Quant au titre de la Fondation, qui voue son objet à la mémoire des évènements d’Afrique du nord, imagine-t-on le tollé qui aurait embrasé la scène politique si la loi y avait substitué le mot « Histoire », affichant, par là, la prétention de s’immiscer dans l’écriture historique des évènements. À juste titre, cela aurait justifié la protestation des historiens, attachés à leur indépendance et à leur liberté d’interprétation des faits en cause.

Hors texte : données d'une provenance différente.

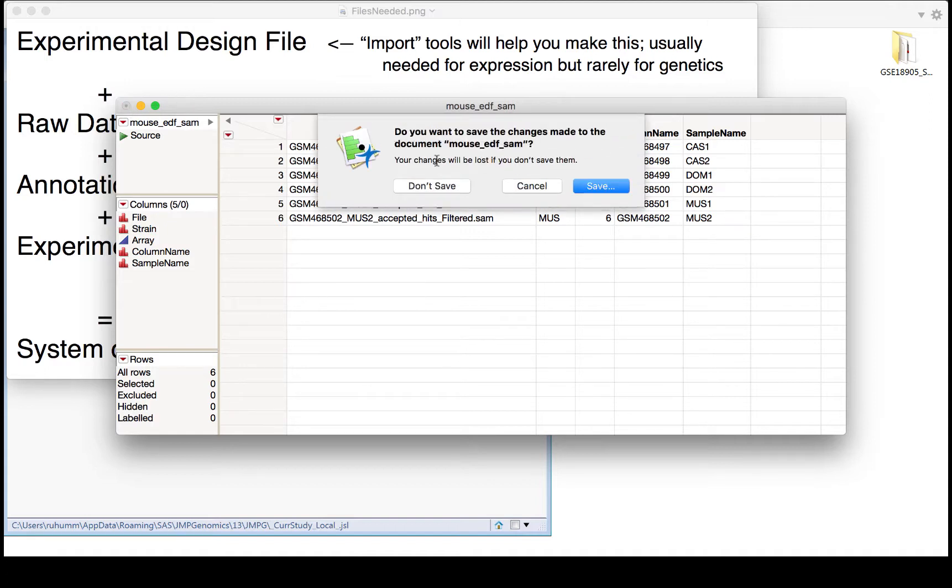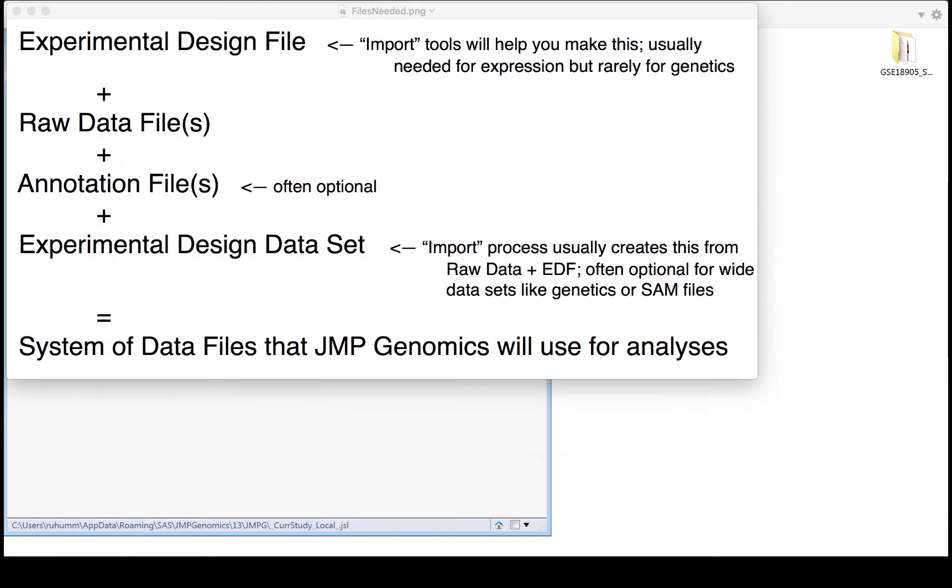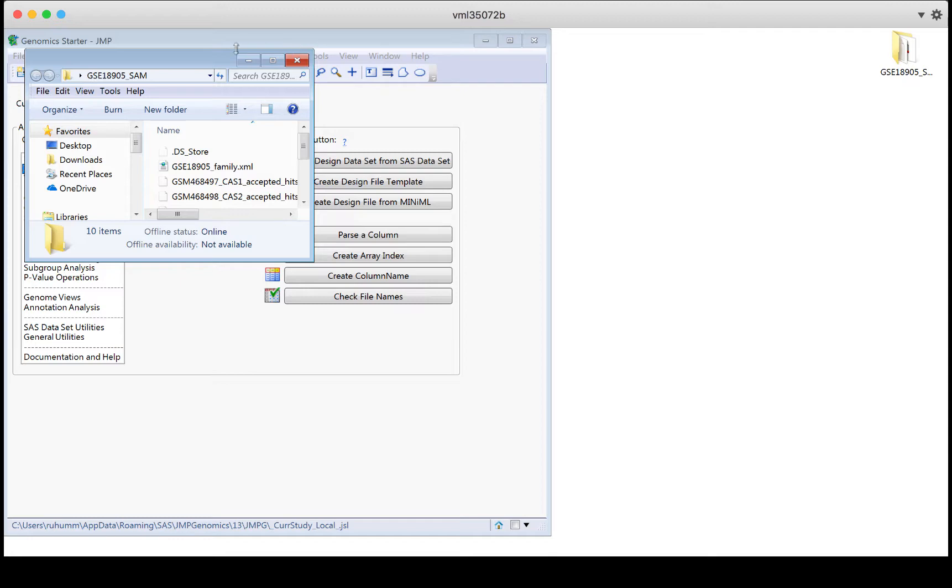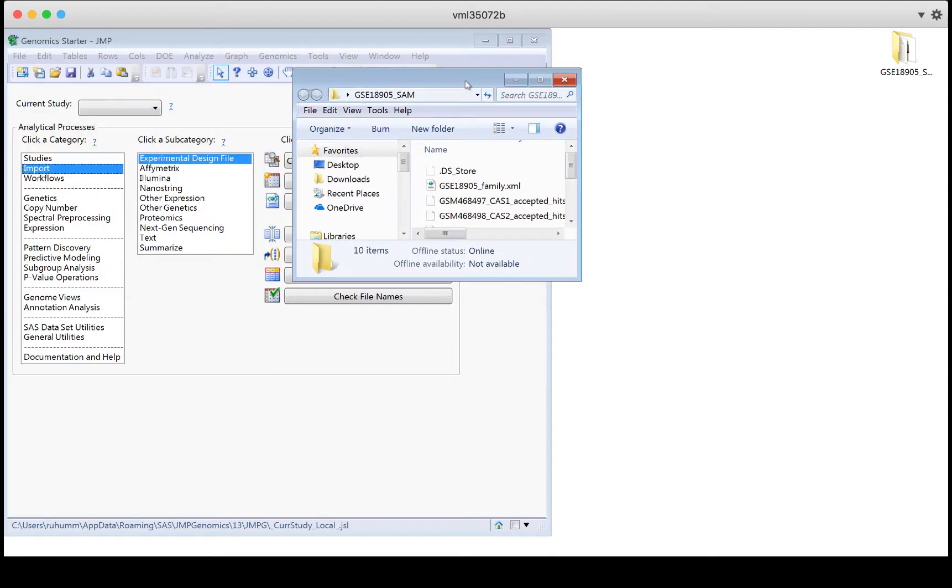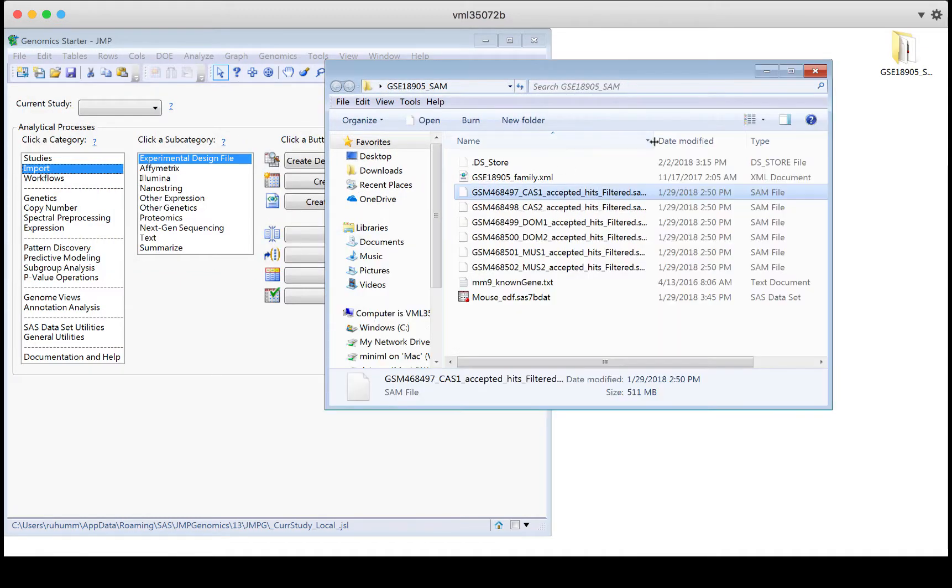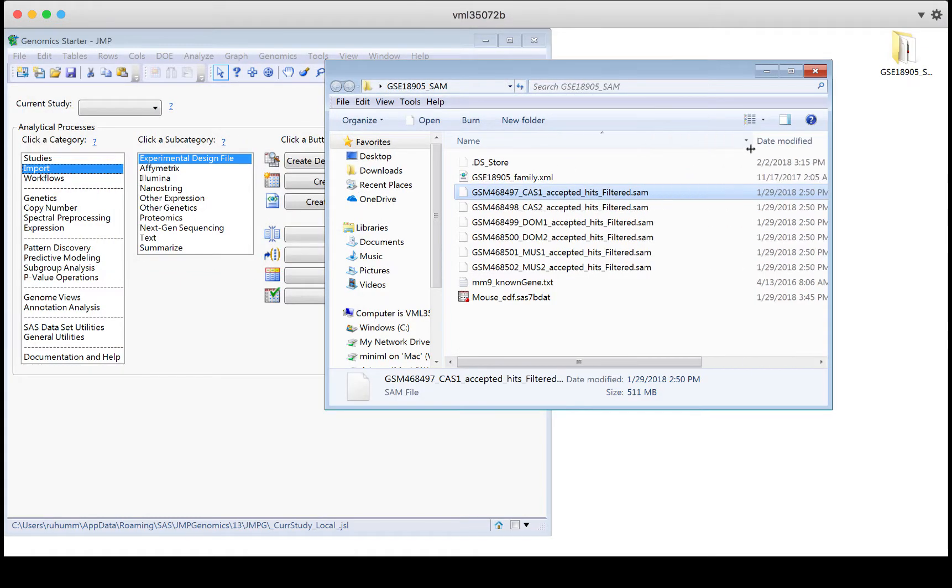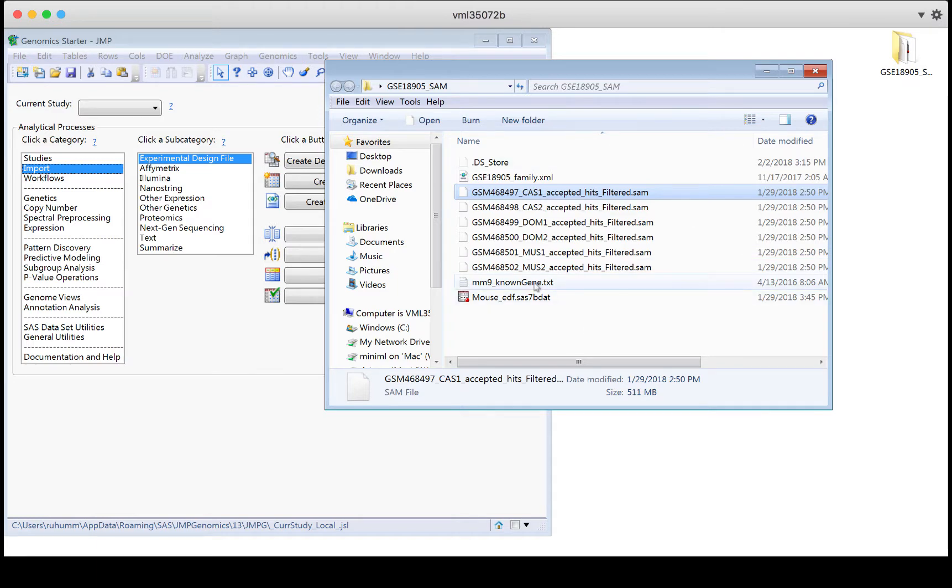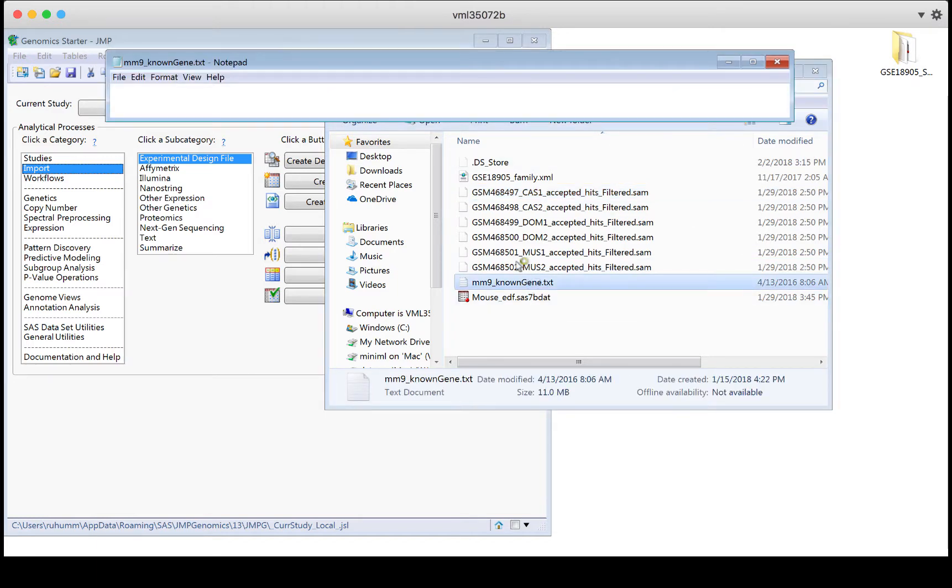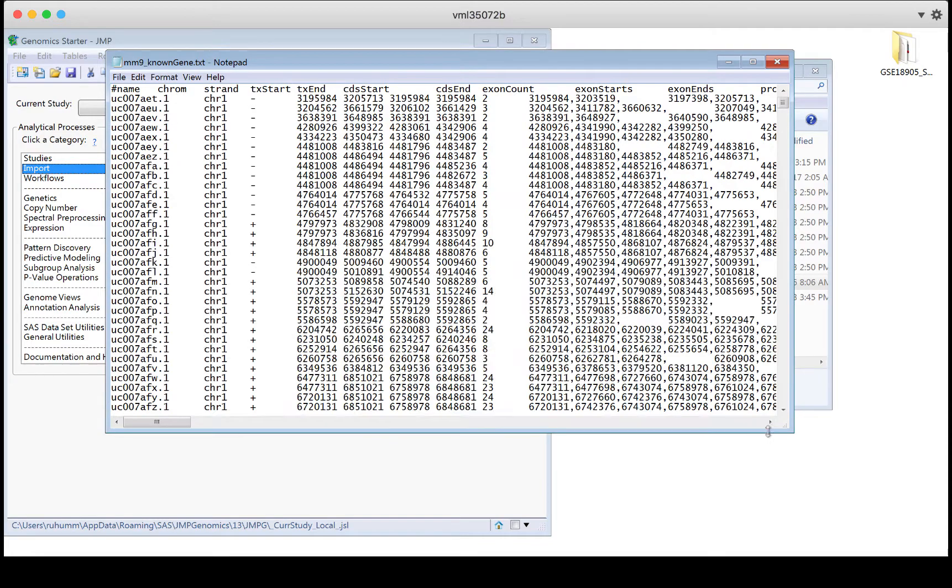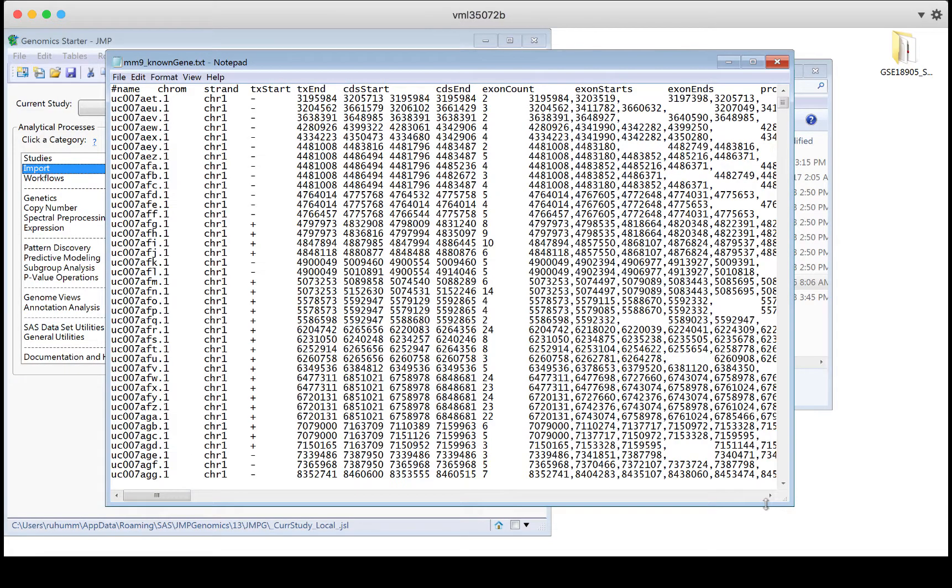Here are the raw data files for this experiment. The data files are these, the SAM files here for the six samples. The annotation file is here in this text, and it shows us information about where the transcript starts and ends and what to name that transcript.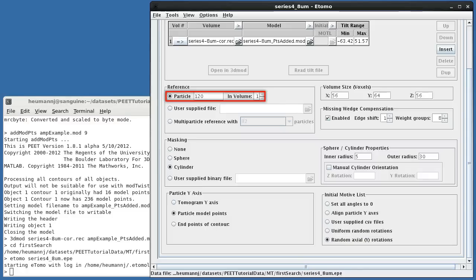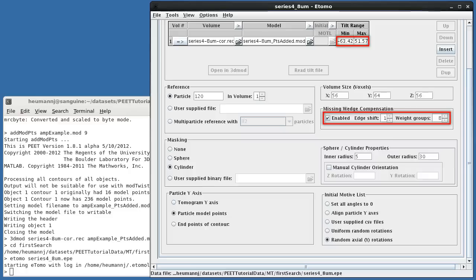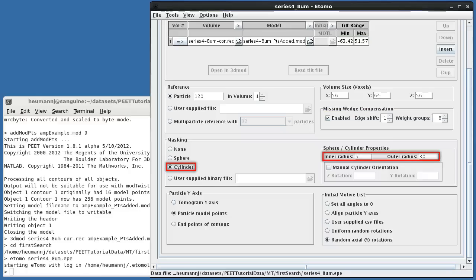I've picked a reference particle near the center of the microtubule, enabled missing wedge compensation and specified the tilt range, and have requested a cylindrical mask. We'll verify the mask dimensions and orientation shortly.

En revanche, si mission est donnée à la Fondation de s’attacher uniquement à la « mémoire » de ces conflits, de la recueillir, de la conserver et de la transmettre, c’est parce qu’il devenait urgent que tous les témoignages passés, présents et à venir soient collectés et mis hors d’atteinte des effets du temps ou de toute autre dénaturation. Notons que ce sont des outils de première main qui sont préservés au profit des chercheurs et des historiens. Pour autant, la Fondation n’en sera pas plus autorisée à choisir parmi les « clans » de mémoire ou à accorder son soutien à l’un plus qu’à l’autre. Le rôle de la Fondation est d’authentifier et de conserver, pas de juger. La Fondation ne peut être que neutre".

Dont acte. Il s'agit maintenant de convaincre les historiens ET les acteurs de la mémoire de la Guerre d'Algérie de la légitimité d'une telle entité.